__Work to be completed__
Reproduce the entries that follow exactly, dropping each image.
• • • •
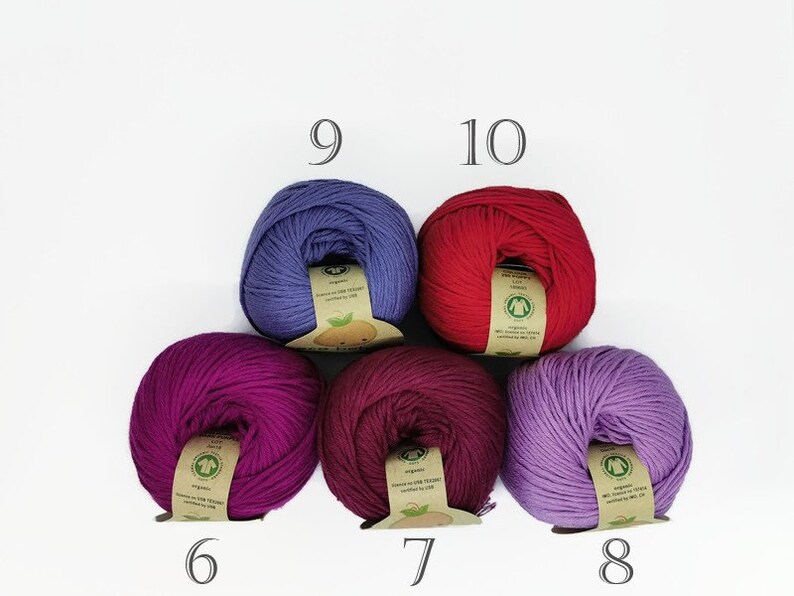 Crochet Yarn Knitting Yarn En71 3 Certificate 50g Gots Certificate Organic Cotton Yarn Baby Yarn Hypoallergenic Yarn Eco Bebek Sewing Fiber Macrame Womenintech Fi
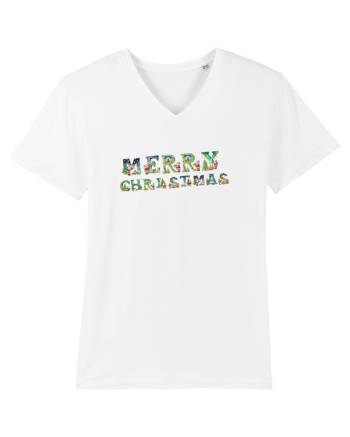 Merry Christmas  White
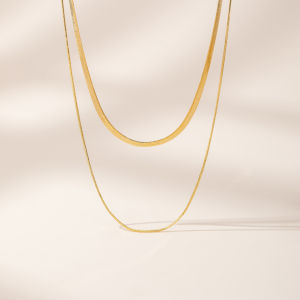 QLADY | Layered S-Shaped Stacked Necklace Womens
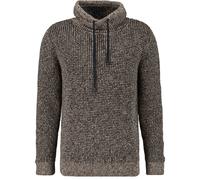 Rollkragenpullover RAGMAN, Damen, Gr. 52, grau (taupe, grau mouliniert, 187), Strick, 100% Baumwolle, ohne Ausschnitt, Pullover Rollkragenpullover (55478547-L) taupe, grau mouliniert, 187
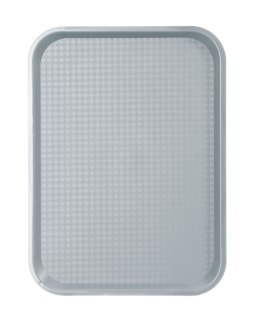 Taca z polipropylenu - FAST FOOD 305x415(H)20 mm szara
• • • •
__Output below__
 Crochet Yarn Knitting Yarn En71 3 Certificate 50g Gots Certificate Organic Cotton Yarn Baby Yarn Hypoallergenic Yarn Eco Bebek Sewing Fiber Macrame Womenintech Fi
 Merry Christmas  White
 QLADY | Layered S-Shaped Stacked Necklace Womens
 Rollkragenpullover RAGMAN, Damen, Gr. 52, grau (taupe, grau mouliniert, 187), Strick, 100% Baumwolle, ohne Ausschnitt, Pullover Rollkragenpullover (55478547-L) taupe, grau mouliniert, 187
 Taca z polipropylenu - FAST FOOD 305x415(H)20 mm szara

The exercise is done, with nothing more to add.